Pacte international relatif aux droits civils et politiques
Article 9 :
1. Tout individu a droit à la liberté et à la sécurité de sa personne. Nul ne peut faire l’objet d’une arrestation ou d’une détention arbitraires. Nul ne peut être privé de sa liberté, si ce n’est pour des motifs et conformément à la procédure prévus par la loi.
2. Tout individu arrêté sera informé, au moment de son arrestation, des raisons de cette arrestation et recevra notification, dans le plus court délai, de toute accusation portée contre lui.

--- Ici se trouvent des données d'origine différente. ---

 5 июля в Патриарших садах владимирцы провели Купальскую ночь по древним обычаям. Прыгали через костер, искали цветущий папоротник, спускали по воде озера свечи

3. Tout individu arrêté ou détenu du chef d’une infraction pénale sera traduit dans le plus court délai devant un juge ou une autre autorité habilitée par la loi à exercer des fonctions judiciaires, et devra être jugé dans un délai raisonnable ou libéré. La détention de personnes qui attendent de passer en jugement ne doit pas être de règle, mais la mise en liberté peut être subordonnée à des garanties assurant la comparution de l’intéressé à l’audience, à tous les autres actes de la procédure et, le cas échéant, pour l’exécution du jugement.
4. Quiconque se trouve privé de sa liberté par arrestation ou détention a le droit d’introduire un recours devant un tribunal afin que celui-ci statue sans délai sur la légalité de sa détention et ordonne sa libération si la détention est illégale.
5. Tout individu victime d’arrestation ou de détention illégale a droit à réparation.